BEGIN Records supplied

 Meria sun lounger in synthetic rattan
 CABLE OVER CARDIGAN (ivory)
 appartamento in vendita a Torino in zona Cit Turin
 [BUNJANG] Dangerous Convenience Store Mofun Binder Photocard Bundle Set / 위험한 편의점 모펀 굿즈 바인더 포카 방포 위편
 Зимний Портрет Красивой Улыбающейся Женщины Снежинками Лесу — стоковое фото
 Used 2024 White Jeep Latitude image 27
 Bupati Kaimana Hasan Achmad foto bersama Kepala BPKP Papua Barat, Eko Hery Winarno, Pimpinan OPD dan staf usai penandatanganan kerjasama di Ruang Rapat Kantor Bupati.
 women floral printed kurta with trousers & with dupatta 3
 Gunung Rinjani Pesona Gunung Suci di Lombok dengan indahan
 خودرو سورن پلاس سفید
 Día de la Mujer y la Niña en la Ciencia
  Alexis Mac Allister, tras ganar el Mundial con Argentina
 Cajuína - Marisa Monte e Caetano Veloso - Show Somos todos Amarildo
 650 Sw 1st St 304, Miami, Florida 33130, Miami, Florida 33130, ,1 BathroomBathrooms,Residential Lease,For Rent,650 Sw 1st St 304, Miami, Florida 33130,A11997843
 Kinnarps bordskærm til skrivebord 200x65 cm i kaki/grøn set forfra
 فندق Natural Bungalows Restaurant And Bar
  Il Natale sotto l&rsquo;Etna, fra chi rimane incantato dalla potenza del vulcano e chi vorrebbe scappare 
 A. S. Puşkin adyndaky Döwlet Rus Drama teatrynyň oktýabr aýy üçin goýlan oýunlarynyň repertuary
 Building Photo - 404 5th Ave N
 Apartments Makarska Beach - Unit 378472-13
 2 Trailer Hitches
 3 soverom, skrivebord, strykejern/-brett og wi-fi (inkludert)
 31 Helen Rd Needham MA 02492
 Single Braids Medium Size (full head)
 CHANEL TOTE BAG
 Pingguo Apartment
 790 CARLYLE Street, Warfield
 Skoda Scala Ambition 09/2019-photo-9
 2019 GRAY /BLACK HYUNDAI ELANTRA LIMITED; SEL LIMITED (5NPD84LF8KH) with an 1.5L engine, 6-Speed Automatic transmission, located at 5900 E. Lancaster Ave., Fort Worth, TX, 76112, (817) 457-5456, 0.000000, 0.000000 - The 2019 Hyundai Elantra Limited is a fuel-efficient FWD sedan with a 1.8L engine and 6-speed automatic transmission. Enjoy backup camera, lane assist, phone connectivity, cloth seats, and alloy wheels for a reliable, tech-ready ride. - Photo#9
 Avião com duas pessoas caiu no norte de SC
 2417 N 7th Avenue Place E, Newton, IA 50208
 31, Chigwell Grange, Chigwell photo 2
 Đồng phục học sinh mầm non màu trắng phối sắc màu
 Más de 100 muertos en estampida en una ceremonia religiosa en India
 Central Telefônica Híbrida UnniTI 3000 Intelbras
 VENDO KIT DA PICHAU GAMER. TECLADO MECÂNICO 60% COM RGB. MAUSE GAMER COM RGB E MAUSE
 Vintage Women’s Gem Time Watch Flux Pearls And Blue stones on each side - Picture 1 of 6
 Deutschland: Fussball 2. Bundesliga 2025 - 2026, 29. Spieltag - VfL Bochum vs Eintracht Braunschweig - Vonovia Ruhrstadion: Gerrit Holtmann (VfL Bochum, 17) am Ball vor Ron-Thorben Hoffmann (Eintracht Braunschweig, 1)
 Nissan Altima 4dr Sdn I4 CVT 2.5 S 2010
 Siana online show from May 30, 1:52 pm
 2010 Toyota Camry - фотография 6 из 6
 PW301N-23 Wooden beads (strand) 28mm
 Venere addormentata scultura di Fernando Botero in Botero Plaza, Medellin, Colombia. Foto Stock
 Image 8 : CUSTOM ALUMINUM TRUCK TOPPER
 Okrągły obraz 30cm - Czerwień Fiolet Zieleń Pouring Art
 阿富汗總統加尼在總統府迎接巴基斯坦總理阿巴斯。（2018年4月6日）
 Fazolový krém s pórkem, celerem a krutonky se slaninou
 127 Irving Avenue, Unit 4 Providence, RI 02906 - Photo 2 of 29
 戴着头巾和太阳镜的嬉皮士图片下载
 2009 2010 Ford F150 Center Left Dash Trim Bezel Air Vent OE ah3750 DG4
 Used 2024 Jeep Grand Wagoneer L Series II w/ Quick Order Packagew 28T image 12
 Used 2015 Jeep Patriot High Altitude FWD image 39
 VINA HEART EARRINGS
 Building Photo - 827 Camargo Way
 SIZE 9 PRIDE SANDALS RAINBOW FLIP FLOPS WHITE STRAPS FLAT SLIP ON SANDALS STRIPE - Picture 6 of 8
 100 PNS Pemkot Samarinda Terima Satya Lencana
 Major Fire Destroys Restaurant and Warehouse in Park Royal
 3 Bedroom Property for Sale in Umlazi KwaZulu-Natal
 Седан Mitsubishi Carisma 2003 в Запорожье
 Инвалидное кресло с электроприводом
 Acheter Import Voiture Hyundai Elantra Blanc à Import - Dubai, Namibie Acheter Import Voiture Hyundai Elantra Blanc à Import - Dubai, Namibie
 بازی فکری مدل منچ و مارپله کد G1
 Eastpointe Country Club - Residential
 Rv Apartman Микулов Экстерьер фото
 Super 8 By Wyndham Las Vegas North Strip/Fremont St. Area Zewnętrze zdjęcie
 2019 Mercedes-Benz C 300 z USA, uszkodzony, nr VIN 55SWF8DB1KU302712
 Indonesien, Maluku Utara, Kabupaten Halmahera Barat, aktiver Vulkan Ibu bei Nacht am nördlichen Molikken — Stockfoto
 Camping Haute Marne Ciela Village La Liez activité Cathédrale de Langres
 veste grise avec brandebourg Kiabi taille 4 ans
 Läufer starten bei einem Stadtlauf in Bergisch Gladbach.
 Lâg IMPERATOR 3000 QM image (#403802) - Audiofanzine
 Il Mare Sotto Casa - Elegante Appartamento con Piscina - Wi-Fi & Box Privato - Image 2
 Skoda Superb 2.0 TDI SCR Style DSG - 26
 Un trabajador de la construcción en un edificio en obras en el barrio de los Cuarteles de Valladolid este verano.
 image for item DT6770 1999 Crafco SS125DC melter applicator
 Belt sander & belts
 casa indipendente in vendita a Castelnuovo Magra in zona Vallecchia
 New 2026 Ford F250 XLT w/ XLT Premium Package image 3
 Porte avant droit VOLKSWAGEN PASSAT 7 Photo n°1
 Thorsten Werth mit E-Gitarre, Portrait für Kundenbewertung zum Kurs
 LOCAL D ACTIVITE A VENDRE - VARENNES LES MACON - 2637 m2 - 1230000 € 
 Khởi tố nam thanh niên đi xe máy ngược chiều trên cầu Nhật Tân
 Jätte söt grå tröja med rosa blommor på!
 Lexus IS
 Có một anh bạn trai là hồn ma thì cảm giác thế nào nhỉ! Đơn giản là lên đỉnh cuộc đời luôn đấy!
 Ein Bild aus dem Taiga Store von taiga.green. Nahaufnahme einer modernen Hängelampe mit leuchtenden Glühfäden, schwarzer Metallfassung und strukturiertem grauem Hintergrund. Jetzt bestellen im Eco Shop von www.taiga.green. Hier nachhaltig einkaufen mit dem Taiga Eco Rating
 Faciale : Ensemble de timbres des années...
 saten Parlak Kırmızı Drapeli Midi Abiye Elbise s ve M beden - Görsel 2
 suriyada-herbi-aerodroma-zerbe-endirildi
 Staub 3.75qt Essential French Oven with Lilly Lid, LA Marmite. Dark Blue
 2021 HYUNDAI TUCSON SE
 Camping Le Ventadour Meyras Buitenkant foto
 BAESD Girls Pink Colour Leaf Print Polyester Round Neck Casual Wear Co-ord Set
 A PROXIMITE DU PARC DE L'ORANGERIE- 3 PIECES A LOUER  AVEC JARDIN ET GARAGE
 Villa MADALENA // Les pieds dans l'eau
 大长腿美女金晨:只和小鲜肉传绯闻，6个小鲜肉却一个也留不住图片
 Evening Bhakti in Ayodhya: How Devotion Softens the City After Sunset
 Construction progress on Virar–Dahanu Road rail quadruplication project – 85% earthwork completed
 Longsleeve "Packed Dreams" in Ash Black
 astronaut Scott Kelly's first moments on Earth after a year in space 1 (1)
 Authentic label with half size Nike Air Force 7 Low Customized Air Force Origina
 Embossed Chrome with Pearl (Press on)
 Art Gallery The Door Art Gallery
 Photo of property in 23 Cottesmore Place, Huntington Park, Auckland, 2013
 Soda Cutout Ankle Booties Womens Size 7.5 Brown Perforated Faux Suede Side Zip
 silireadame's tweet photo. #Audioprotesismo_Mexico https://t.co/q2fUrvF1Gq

END Records supplied

**Required action:** Please transcribe the data above without changes, from its first line to its "Gunung Rinjani Pesona" line, and leave out anything past that.

**Result of this exercise:**
 Meria sun lounger in synthetic rattan
 CABLE OVER CARDIGAN (ivory)
 appartamento in vendita a Torino in zona Cit Turin
 [BUNJANG] Dangerous Convenience Store Mofun Binder Photocard Bundle Set / 위험한 편의점 모펀 굿즈 바인더 포카 방포 위편
 Зимний Портрет Красивой Улыбающейся Женщины Снежинками Лесу — стоковое фото
 Used 2024 White Jeep Latitude image 27
 Bupati Kaimana Hasan Achmad foto bersama Kepala BPKP Papua Barat, Eko Hery Winarno, Pimpinan OPD dan staf usai penandatanganan kerjasama di Ruang Rapat Kantor Bupati.
 women floral printed kurta with trousers & with dupatta 3
 Gunung Rinjani Pesona Gunung Suci di Lombok dengan indahan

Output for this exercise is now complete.